‘Reality TV shows love it when either somebody doesn’t understand the concept or doesn’t understand themselves’

As we finally start getting used to writing 2020 when putting a date on something, I am already facing enforced nostalgia for the last decade. Did we ever settle on what to call them? 'The Teens', 'The Brexit Years?', 'Armageddon?' Whatever. Now they are over, my Facebook algorithm has decided that I should be constantly reminded of them.

Every day it flicks up a photo from eight, nine, ten years ago and lets you know that this is what you were doing then. I've never asked Facebook to do this for me. The only thing I've ever asked them to do is to stop spying on everybody and to pay some taxes. But, like my repeated attempts to get them to stop replaying my life to me, they just ignore me.

Granted, it is occasionally nice to see a photo that you'd forgotten about, but more often than not it simply serves to mark the inexorable quick march of time. It's basically a none-too subtle way of saying "You'll be dead soon."

Yesterday I got a photograph of me on the set of I'm A Celebrity Get Me Out of Here. "It's been nearly ten years" whispered Facebook. TEN YEARS! How did that happen? It seems like only yesterday that I was flown to Australia, bundled into a helicopter and deposited in the middle of a Queensland rain-forest with a bunch of other famous faces. It was the most random group: The actor Nigel Havers, ex-Bond-Girl Britt Ekland, music bad-boy Shaun Ryder, comedienne Jenni Éclair… to name but a few.

Twenty-two days I stayed in there, surviving on rice and beans and smoke-infested water. It was supposed to be a testing time, but I loved every second of it. I lost two stone in weight, had a complete technology detox and made a couple of great friends to boot. I even got paid for the experience - normally, for this kind of shock therapy boot-camp, you are the one paying through the nose. Nice work if you can get it.

Not everybody enjoyed it all as much as I did. Reality TV shows love it when either somebody doesn't understand the concept or doesn't understand themselves. We certainly had plenty of the latter, primarily in the shape of a woman called Gillian McKeith, a TV 'doctor' mainly famous for analysing celebrity faeces. She rapidly became the show baddy and the public duly sentenced her to undergo a multitude of trials that she failed spectacularly but somehow manged to blame on the rest of us. Her apex was the infamous fake fainting scene in the live trial so that she might avoid having to do anything. I was pleased to see that this made most people's list of the best TV moments of the last decade.

My favourite person in the jungle however, was Nigel Havers. He had never seen the show and quickly realised that he had made a terrible mistake. The presenters would announce that someone would face the tunnel of doom the following day and he would turn to me in panic and say, "What do you think it is, old boy?" I would tell him that I assumed somebody would soon be underground being covered in insects (the show producers are not massively unpredictable). Havers would look at me with a thousand-yard stare and mutter "This is madness" to himself.
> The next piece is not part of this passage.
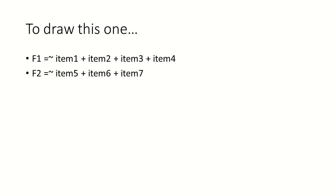So F1 is causally related to or is defined by item 1, item 2, item 3, and item 4. And our latent factor 2 is defined by item 5, item 6, and item 7.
He eventually cracked when we were all put in a jungle courtroom scenario with 'electrodes' attached to us. I surreptitiously detached one of mine immediately and then just pretended to feel the pain. Havers, however, went crazy. He stormed off set and we all stood in the dock giggling and listening to him screaming at a producer that this was "inhuman; I will not stand for it." He didn't last very much longer on the show. The curious world of reality TV is not for everyone.

I now wonder what I will be looking back on ten years from now. What awaits us in the roaring Twenties? If it's anything like the 1920s, then it's too much jazz, alcohol being made illegal and then a spectacular financial crash as a finalé. Let's hope it's better this time round, otherwise I might just have to go back into the jungle.